I recommend doing both. First enter a bill and then write a check to pay the bill. As with many things in QuickBooks you can accomplish the same task a variety of ways. There is a best practice though, and per usual, it calls for using QuickBooks as it was designed – one form at a time.
If you have received a bill from a vendor don’t skip the step of entering it into QuickBooks even if you intend to pay it immediately and before it is due. Take 20 seconds and enter the bill taking care to date the bill in QuickBooks as it is dated on the bill not accepting the default of today’s date as you enter the transaction.
[Side note: There are times when you don’t want to use the date on the bill.
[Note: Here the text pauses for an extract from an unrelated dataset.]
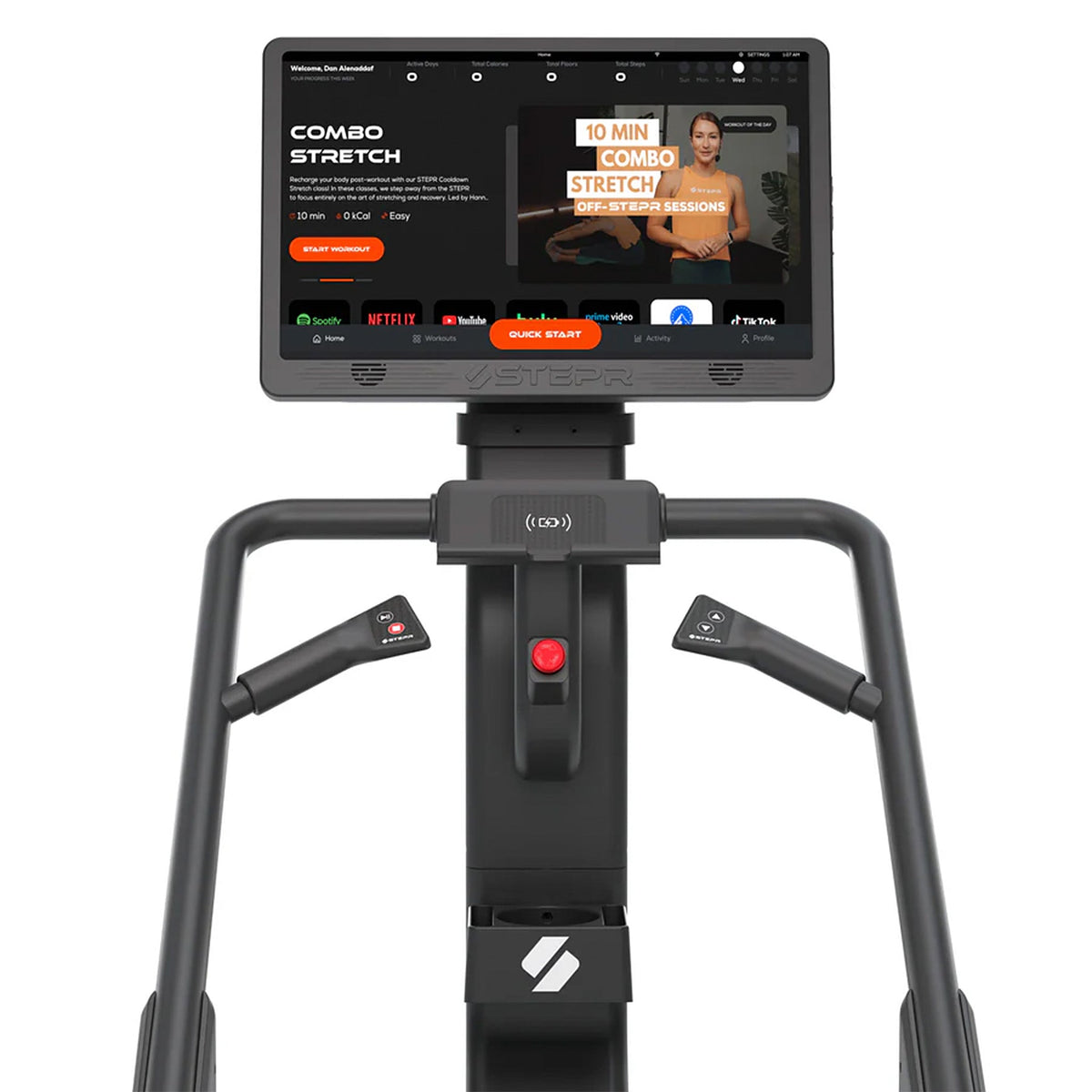 STEPR XL - STAIR CLIMBER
If the bill is dated January 3rd, but clearly states it is for services provided in December, date the bill in December.]
There are two primary reasons to enter the bill first, instead of just writing a check.
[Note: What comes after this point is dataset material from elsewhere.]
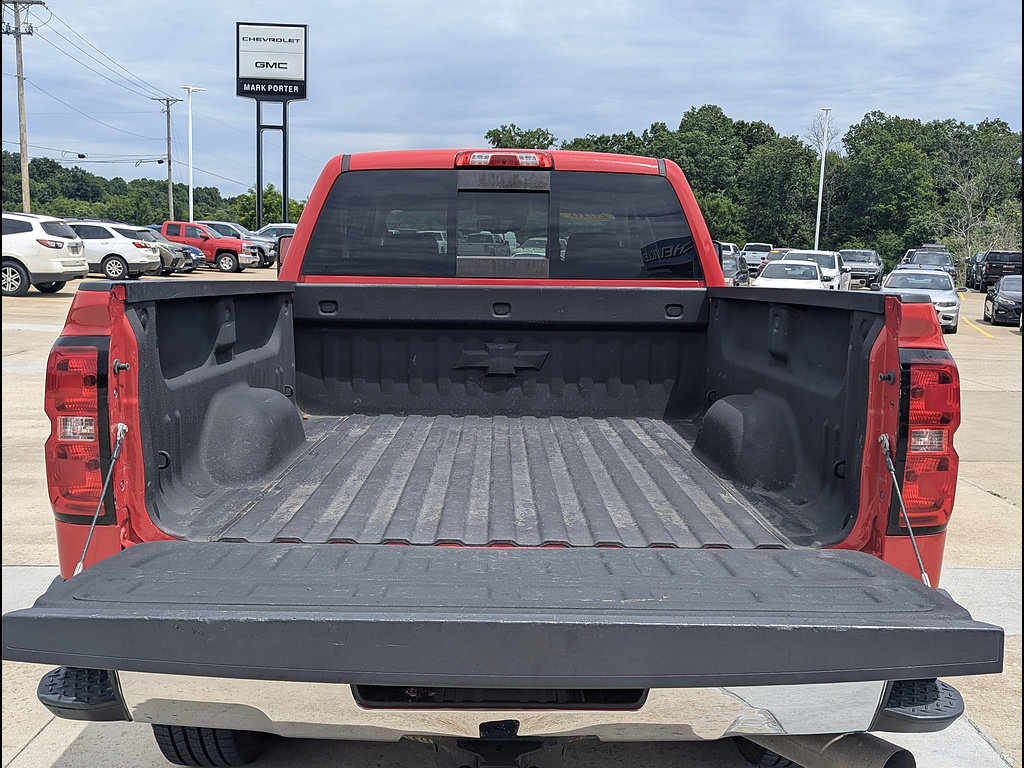 Used 2016 Chevrolet Silverado 2500 LTZ w/ Duramax Plus Package AWD/4WD image 15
First, QuickBooks will track when the bill is due. When you enter the bill you enter in the due date and the payment terms (e.g., net 30). QuickBooks will then produce of report of what bills are coming due. This helps you keep hold of your cash longer while at the same time ensuring your bills aren’t late.
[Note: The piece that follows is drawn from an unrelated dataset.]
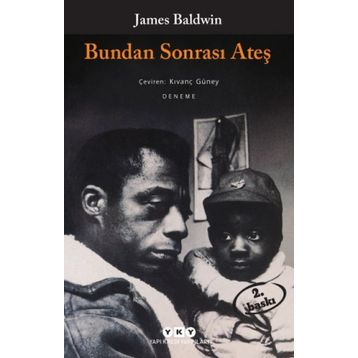 Bundan Sonrası Ateş - James Baldwin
Secondly, entering the bill ensures you are recording your expenses into the right period. If you receive a bill for services performed in June, it is probably July by the time you receive the bill. If you just write a check, the expense is recorded into the books with a July date, when the date should really be June. Entering a bill allows the bill to be dated June and the subsequent check to be dated July keeping both your cash and accrual reports accurate.